Sleep,

Every child sooner or later will try to avoid one. They interrupt the best television shows, they normally follow lunch, and they are hard to avoid. Children learn to beg, plead, and bargain with their Mother over them. Every so often you might cross paths with a child who enjoys them, but that same child will like liver and onions also. You know there will not be many of those around. Children become experts in faking naps. They can hear the boards in the hallway floor creaking, and know exactly when to close those little eyes and act like they are in never never land. When that door shuts, the world comes alive again, the hot wheels reappear, the dolls start talking, bears start dancing, yes, they have become experts.
Picture yourself, your standing in the hallway, trying your best to sneak up, sneak a peak, catch that little criminal you call your child, faking a nap. Yes, and for once, you mutter out loud, “I wish he/she would just lay down for a little while.” The next thing you know, you have turned into your mother, hands on hips, threatening, using Dad coming home as a tool to get 15 minutes of peace and quiet. Yes, you are willing to settle for 15 minutes. Things change in a blurry hurry, don’t they?
Fast forward ten years, and you will see a totally different world. Most mornings start with doors opening, parents standing with hands on hips, raising of voices, and becoming frustrated. Teenagers love to sleep, they sleep in, causing them to be late for school. Once they get to class, some of them go back to sleep, and sleep till the next class. Things change in ten short years. They still fake naps on occasion, but now it is to get out of yard work or some other chore.
Fast forward another ten years, and again the world changes. The morning starts with the annoyance of an alarm clock, a wake up call, or someone waking you up to be somewhere at a certain time. Most mornings are started by coffee, or soft drinks intended to chase the cob webs of sleep away. Mid Morning brings another cup of coffee, followed by another after lunch. Coffee,the anti sleep liquid, costing $5 dollars or more a cup. Hey, it comes with a fancy name, and whipped cream on top, and you look cool drinking it.

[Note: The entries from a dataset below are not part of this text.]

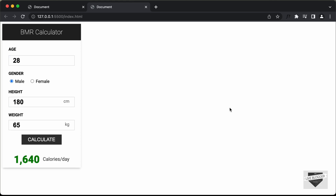Hi everybody, welcome to Live Blogger. In this tutorial series, we are creating a BMR calculator using HTML, CSS, and JavaScript. In the previous video, we wrote the JavaScript to calculate the BMR. Now in this video, we will add input validation to our input fields.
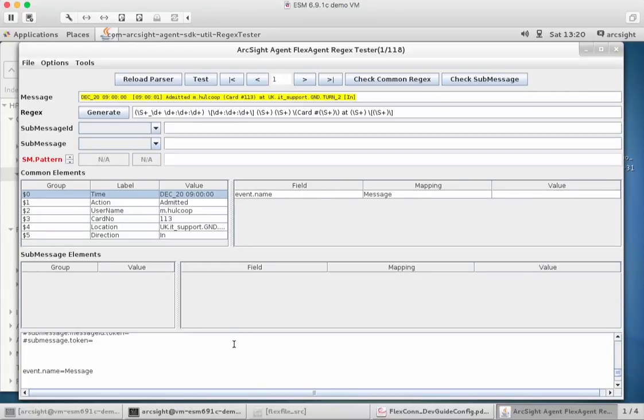Welcome back to part four of doing a flex connector with ArcSight. Just a quick recap: we've installed a connector, we've looked at the file in stage one, we've done the basic regex parsing making sure everything's parsed around that one, and we've given them labels.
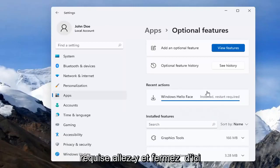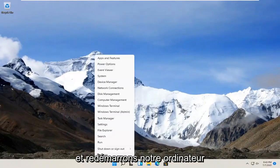It says install but restart required. Go ahead and close out of here and let's restart our computer. We'll be right back.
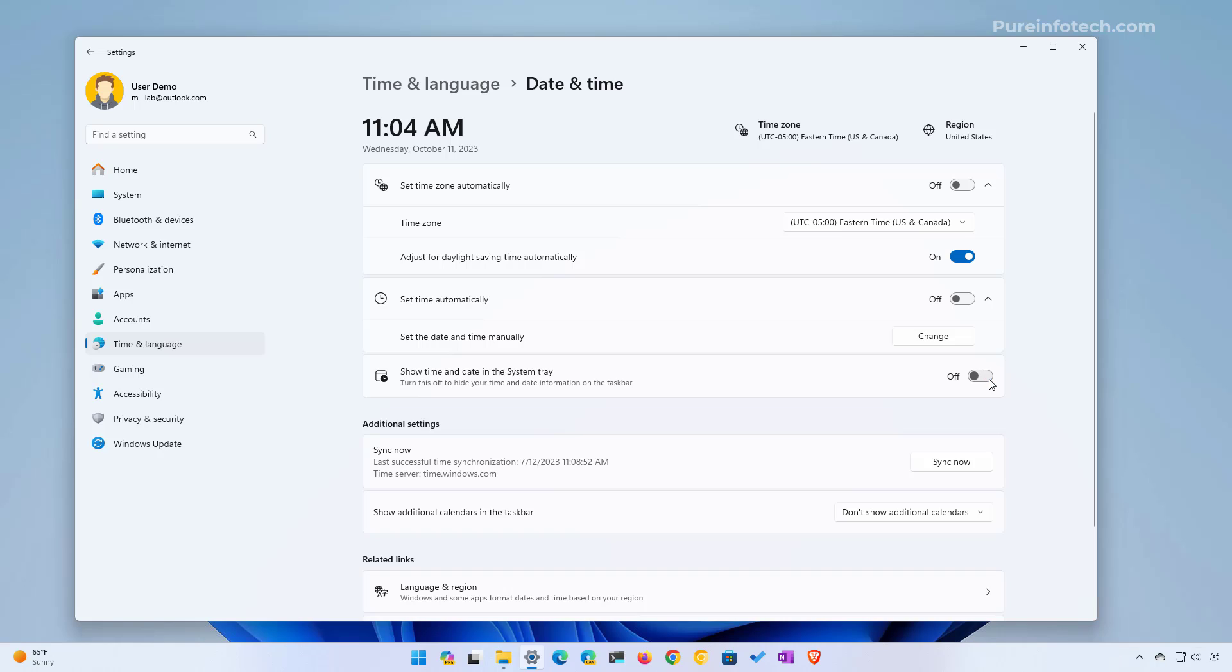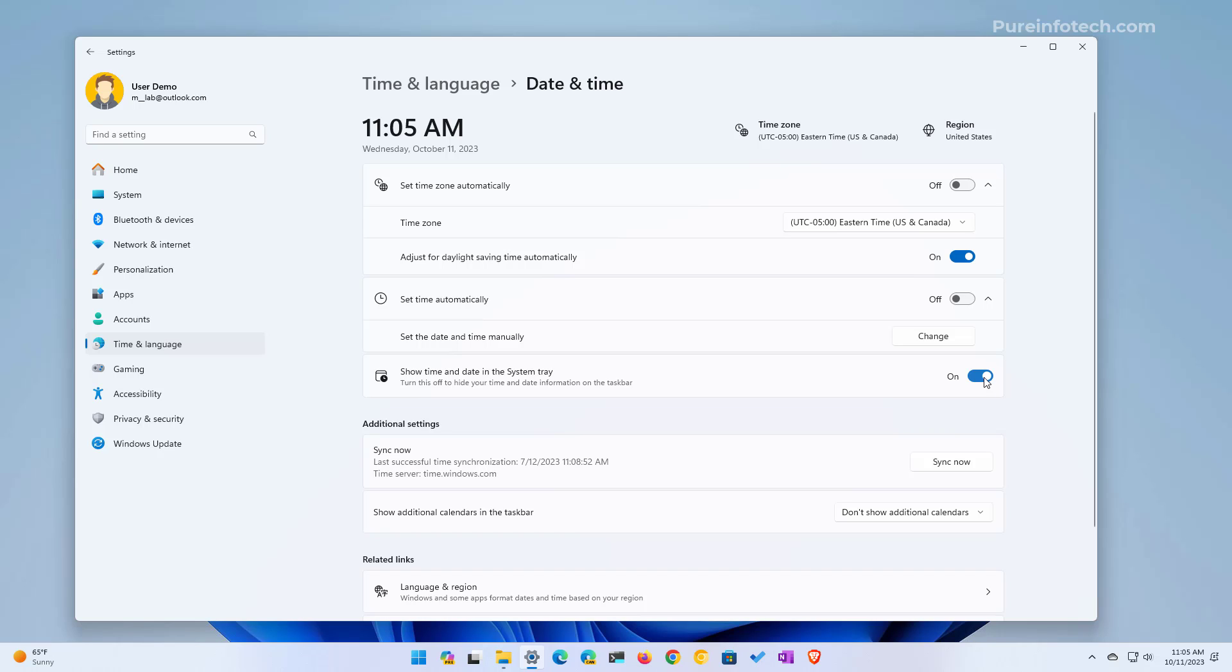And as you can see, the time and date is no longer available on the system tray. In the same way, if you want to show the time and date on the system tray, just come back to the same page and turn on the toggle switch. It is important to note that this option is available starting with the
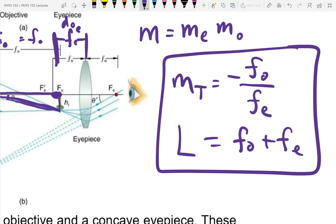Telescopes tend to be long: to get large magnification you need a large focal length objective, and since the length is the sum of the focal lengths, a long focal length objective means a long telescope. Eyepiece focal lengths are kept short because a small focal length eyepiece gives larger magnification.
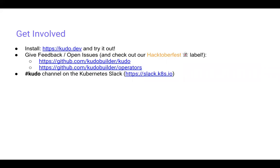We'd love for everyone to get involved. Go ahead and try it out at kudo.dev — we have a Homebrew package and a Krew package, so it's super easy to get running. Feel free to give feedback and open issues. We are participating in Hacktoberfest — we've got issues labeled Hacktoberfest and Good First Issue. Good First Issue means a KUDO core team member will be there to help you get used to the codebase. We also have our operators repo, a www repo for documentation, and we're in the KUDO channel in the Kubernetes Slack.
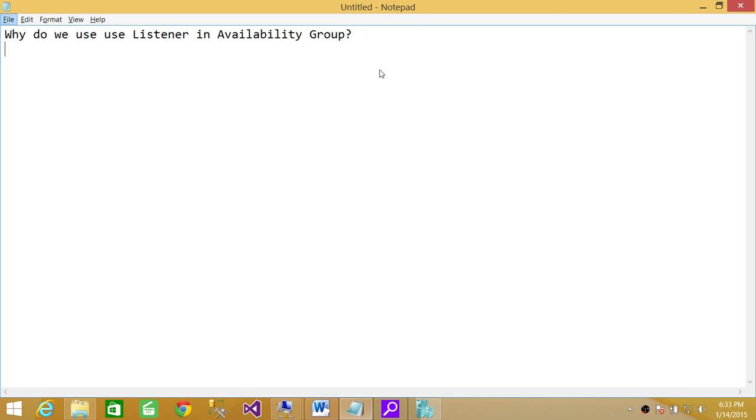Because if you're not creating listener, in my opinion, you're not taking advantage of high availability using Always On.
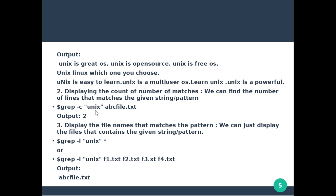Then minus l: display the file names that match the pattern. We can display the file name that contains the pattern. So grep minus l unix, followed by multiple file names such as f1, f2, f3, f4, will show all files that contain unix.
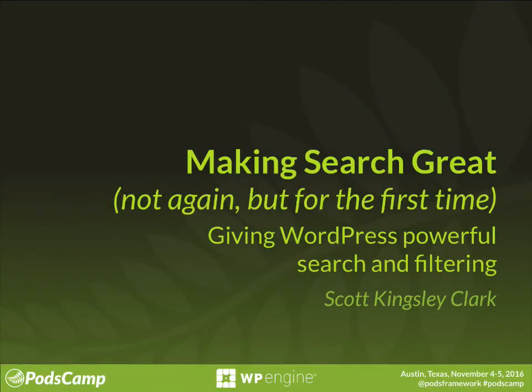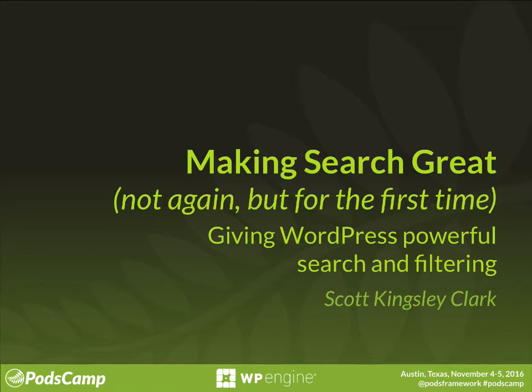You're watching a recorded session from PodsCamp 2016 in Austin, Texas, sponsored by WP Engine. Welcome to Making Search Great, not again but for the first time, giving WordPress powerful search and filtering. Let me introduce our speaker, Scott Kingsley-Clark.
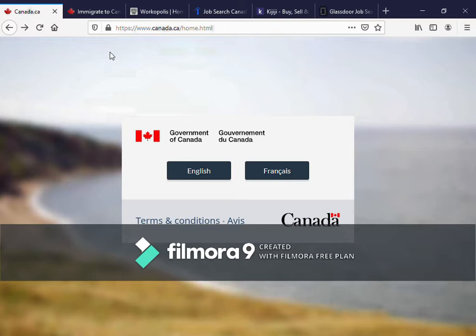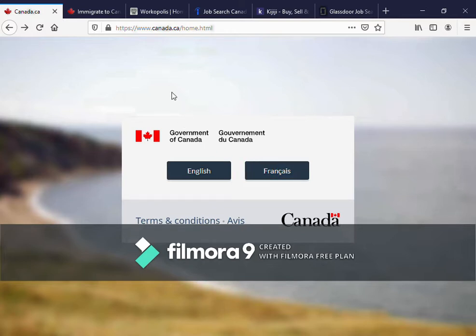For today's video, we're talking about how to apply for a job offer outside Canada. We know we have several categories of visas to Canada — we have Provincial Nominee Programs, we have Express Entry, and we even have a visa for those that want entrepreneurship.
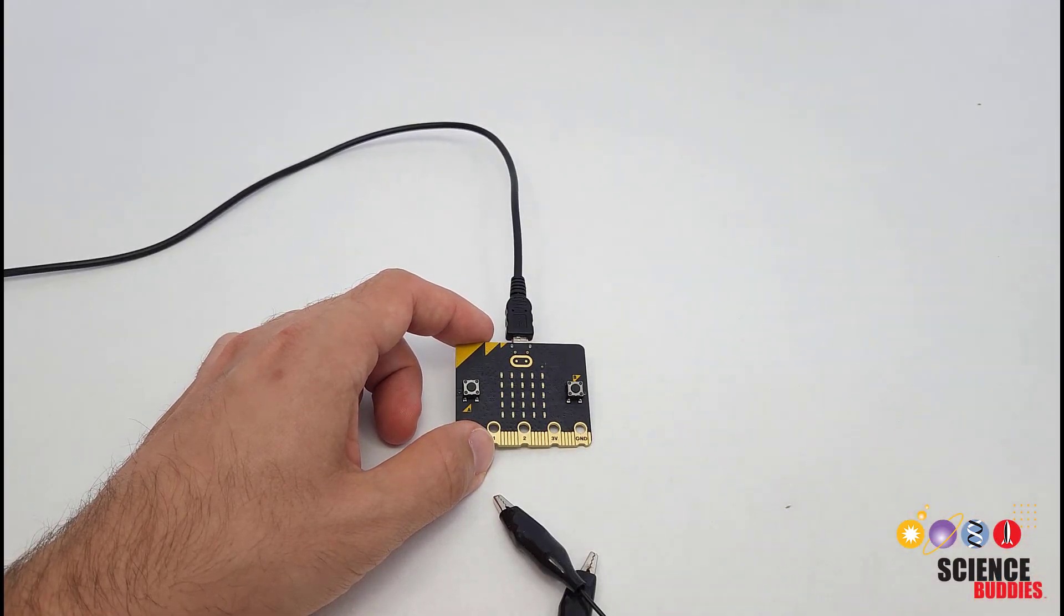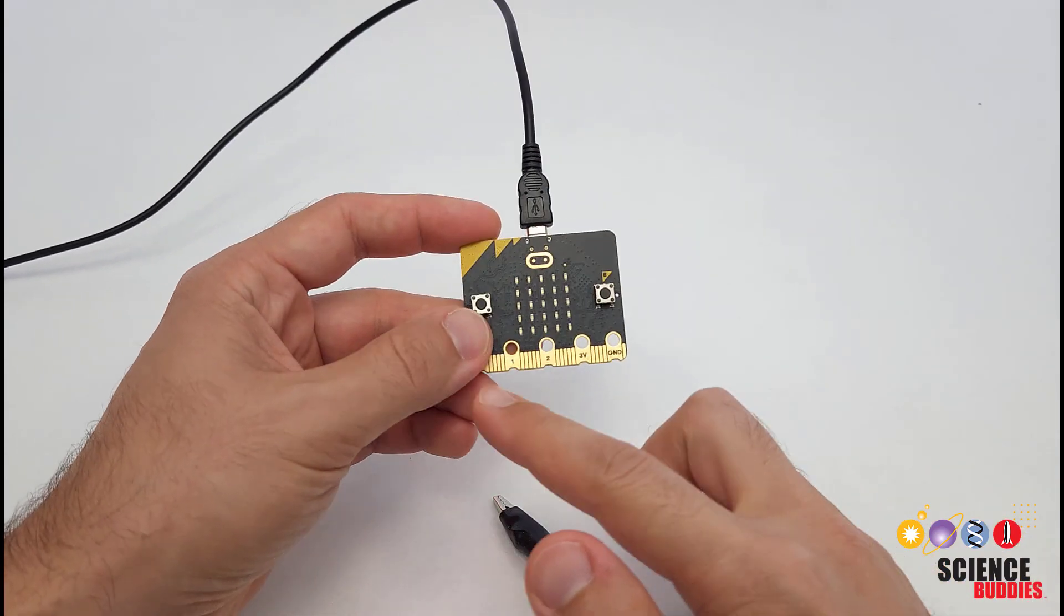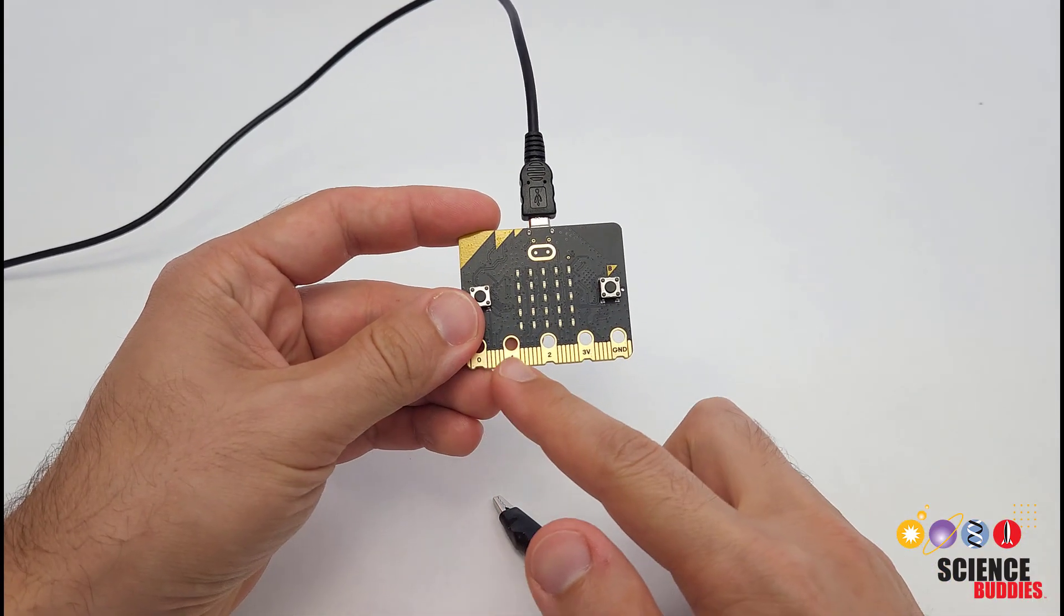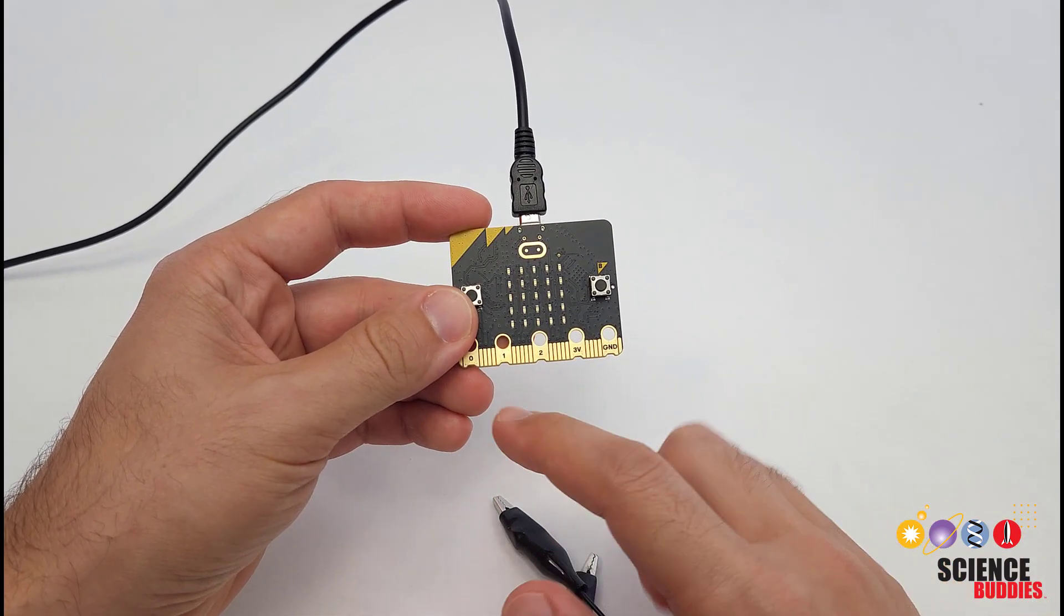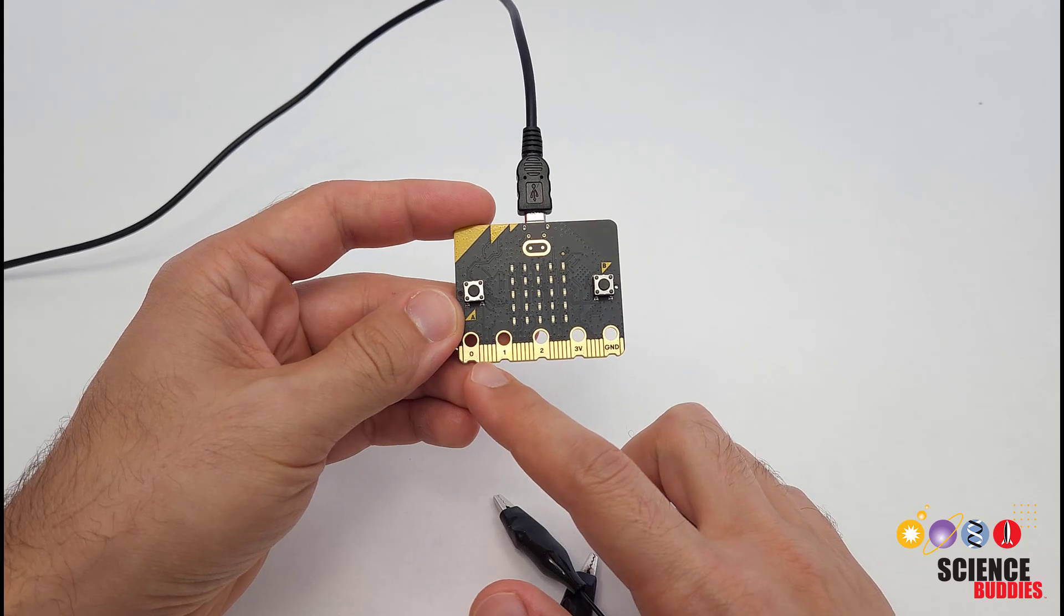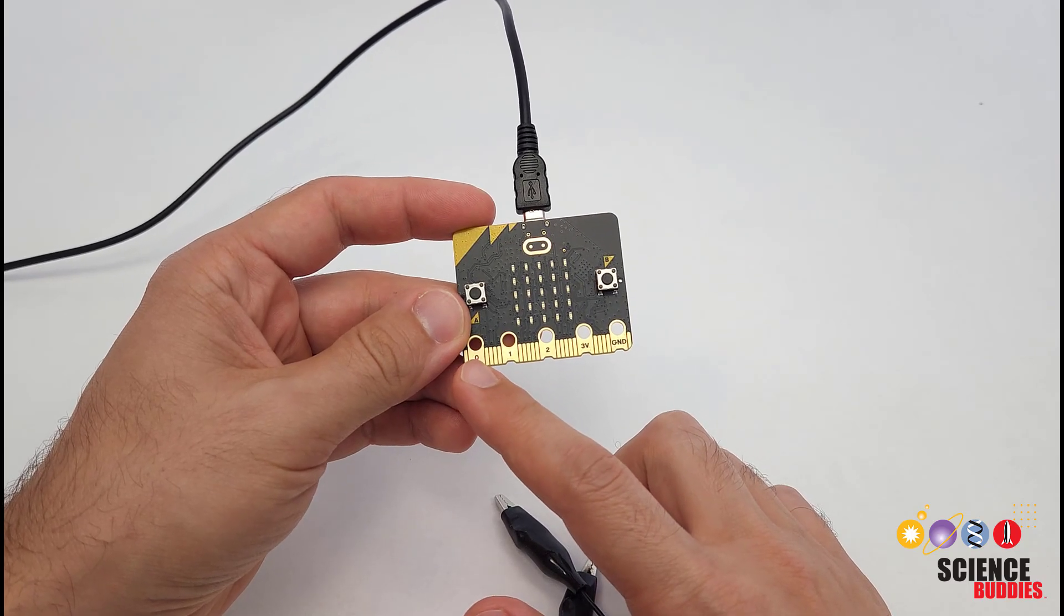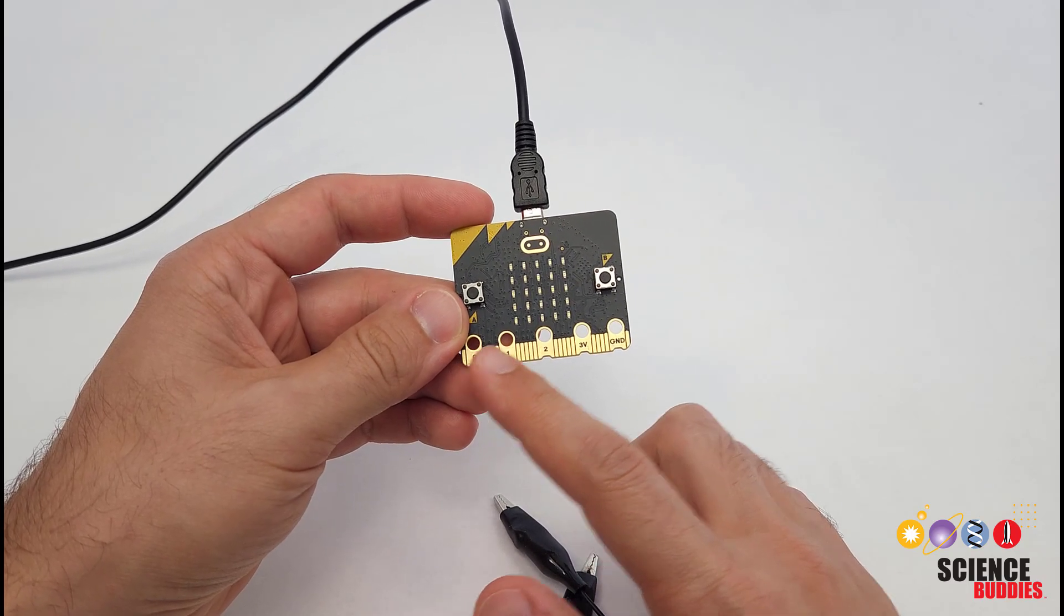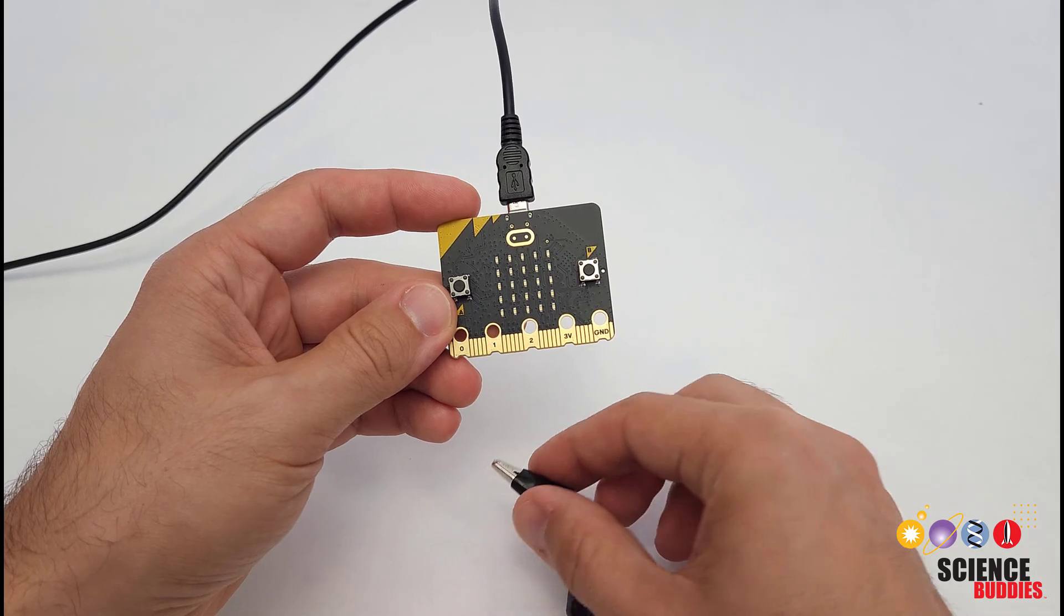Let's forget the puff switch for a minute and start with the basics. The micro:bit has a row of pins on the edge here and you can write code that will detect when one pin is connected to another pin.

Fast forward ten more years, your sitting in the hospital waiting for the news. You can barely keep your eyes open, but your afraid to fall asleep. Your baby is having a baby, and you have been in this little waiting room with those people(in laws) for 12 hours. The occasion nod off is interrupted by a new arrival to the room, and another full length explanation of why it is taking so long, by your daughters friend who has that voice, you know the one. Finally after 14 hours the baby comes, everybody and everything are okay, and everyone goes their separate ways for some sleep, a nap, a snooze. Yes we all have our own names for it, for them.
Fast forward another ten years. Comments like, “Shhhh, Grandpa is napping, you have to use your inside voice.” The daily nap has become a ritual again. Without it, you have become the grumpy old guy down the street when you were a kid. You don’t fight, you look forward to it, it is a prize for getting old.
I was giving the whole sleep thing some thought, and I realized I had questions about it. What classifies as a nod off, a nap, a power nap, a snooze, and when do these things turn into sleep. So I asked around, everyone had a different answer, different opinion, but one thing in common. They all like sleeping.
A nod off, an unintentional, momentary fall into a light sleep. Lasting from a few seconds to a few minutes, can be interrupted by a cough, a sneeze, a book dropping or in some cases a car wreck. A nod off is not a good sleep, but hard to avoid all together. Limited in time to one minute or less.
A doze off, an unintentional 3 to 5 minutes of light sleep, usually do to boredom, normally with no good results.
A power nap, a short, quick, few minutes of sleep, often energizing the recipient for the rest of the day.
Limited to less the 30 minutes, more commonly 15 minutes.
A nap, a longer, deeper, more complete sleep, the cause of many parents stress, and used as an excuse to avoid yard work or chores by those older and more experienced. Limited to 2 hours or less.
Sleep, 3 or more hours of uninterrupted deep sleep, some will argue the lower end is just a nap, but in reality it is sleep. You awaken energized and ready to go.
Passing out, normally 6 hours or more, induced by over celebrating, and ending with a headache.
These are the things I discovered when asking about sleep and naps, virtually everyone has a different opinion of how long, how much, and how often, but most agree, they wish they had those childhood naps back. They would all take them now as adults.